Iran Klaim Negara Tetangganya Tak Akan Izinkan Israel Gunakan Wilayah Darat dan Udara untuk Menyerang
TRIBUNNEWS.COM - Iran mengklaim negara-negara tetangganya telah berjanji kalau mereka tidak akan mengizinkan penggunaan "wilayah udara dan darat mereka" untuk serangan apa pun, kata Menteri Luar Negeri Iran Abbas Araghchi pada Selasa (22/10/2024).
Klaim Iran ini muncul saat Israel dilaporkan segera menggelar serangan besar-besaran ke negara tersebut.
"Semua tetangga kami telah meyakinkan kami bahwa mereka tidak akan membiarkan tanah atau wilayah udara mereka digunakan melawan Republik Iran ," kata Araghchi dalam konferensi pers di Kuwait, beberapa minggu setelah serangan rudal Iran pada 1 Oktober terhadap Israel.

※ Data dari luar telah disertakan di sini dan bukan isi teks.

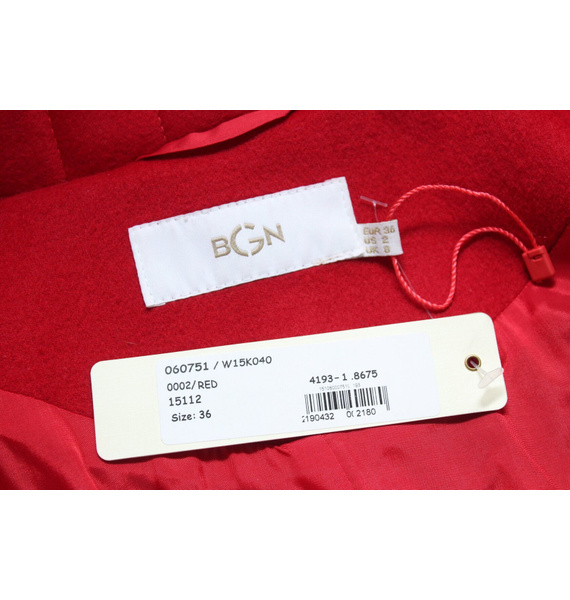Пальто • BCBGMAXAZRIA • Красный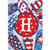 BreezeArt Letter H Monogram Freedom Flip Flops Garden Flag
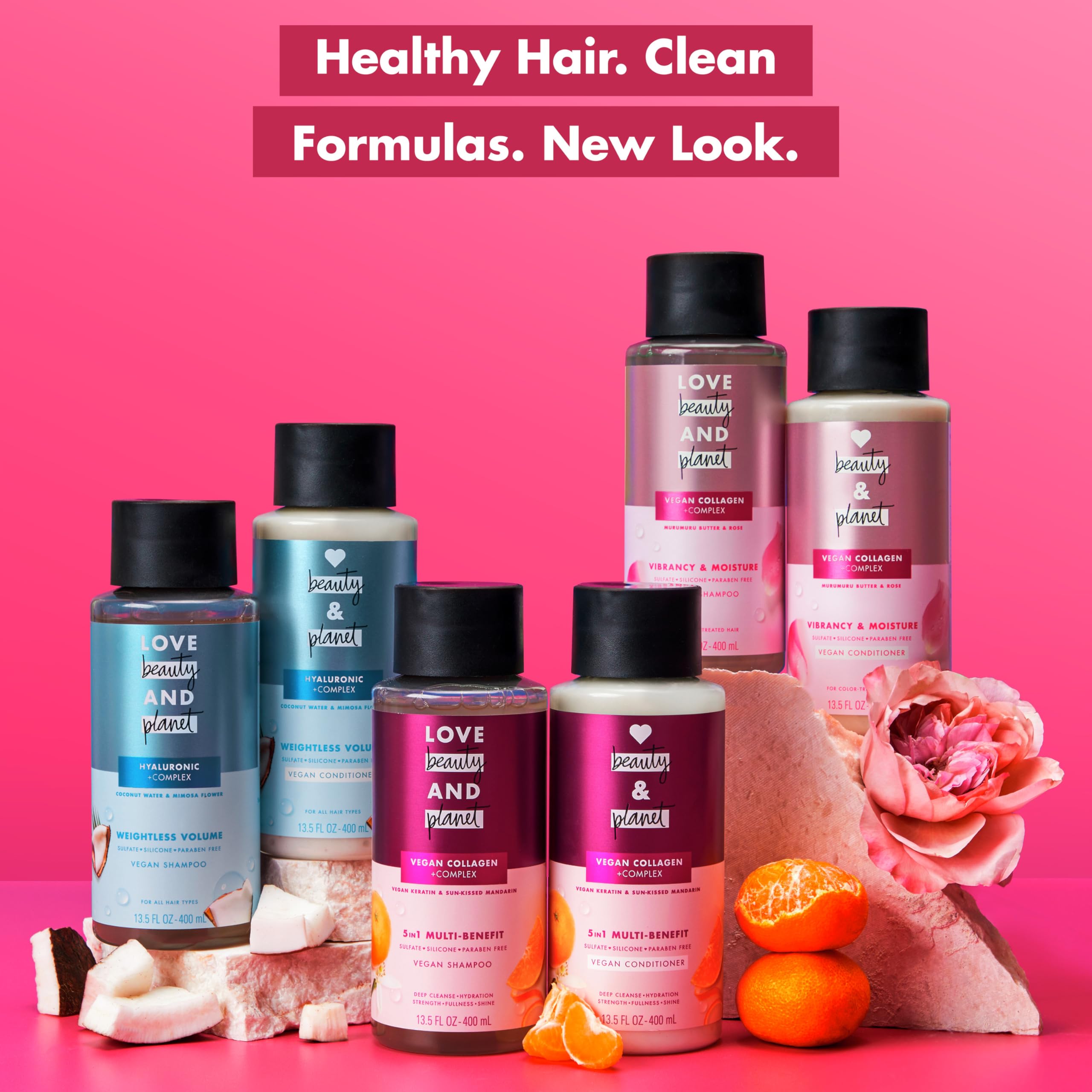 Foto 6 pulgar | Champú Y Acondicionador Love Beauty And Planet Murumuru Butter & Rose 400 Ml - Venta Internacional.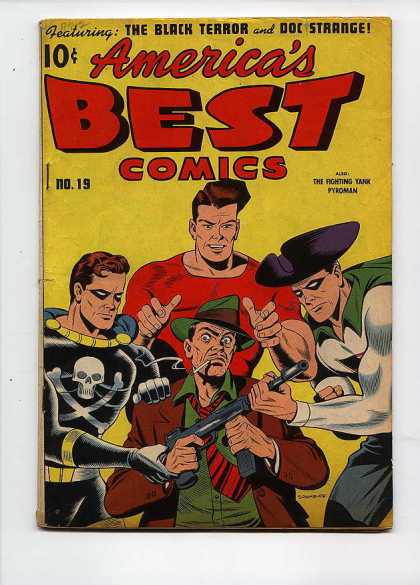America's Best Comics 19 - Gangster - Gun - Mask - Skull - Cigaret - Alex Schomburg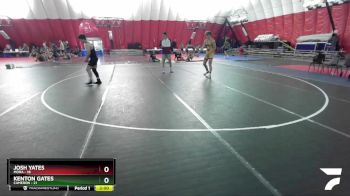 165 lbs Placement Matches (16 Team) - Josh Yates, Mora vs Kenton Gates, Cameron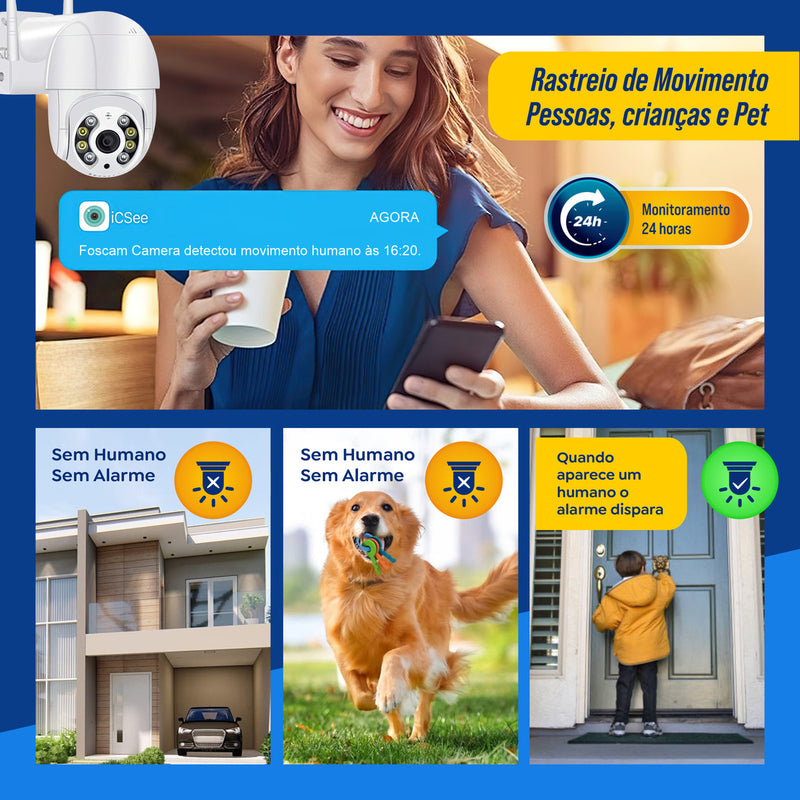 Kit 2câmera Ip Icsee Prova D'água Infravermelho Externa Wifi - Bahrein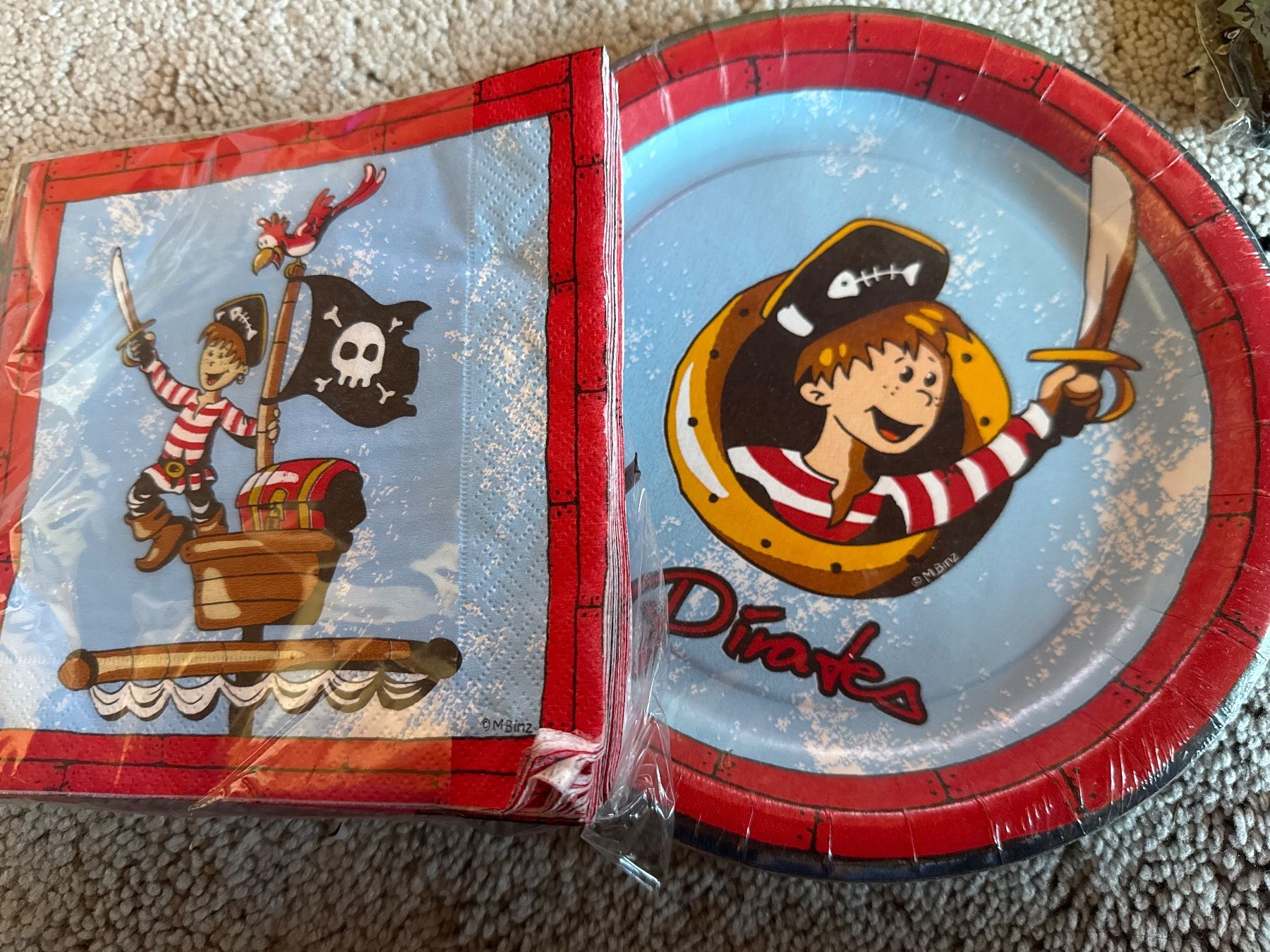 Tutte le decorazioni: Piraten-Party-Pack – Nuovo (secondo la descrizione) da Andelfingen venduto da Judy0007 1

Baca juga: Media Israel: Iran Mencoba Membunuh Netanyahu, Seluruh Tokoh Zionis Berstatus Waspada
Sebelum Kuwait , Araghchi berada di Bahrain pada Senin sebagai bagian dari tur regional yang juga membawanya ke Arab Saudi, Qatar, Oman, Irak, Mesir, dan Turki.
"Kami memantau dengan seksama pergerakan pangkalan-pangkalan Amerika di kawasan tersebut dan mengetahui semua pergerakan dan penerbangan mereka," kata Araghchi, seraya menambahkan: "Jika Israel menyerang Iran dalam bentuk apa pun, Iran akan membalas dengan cara yang sama."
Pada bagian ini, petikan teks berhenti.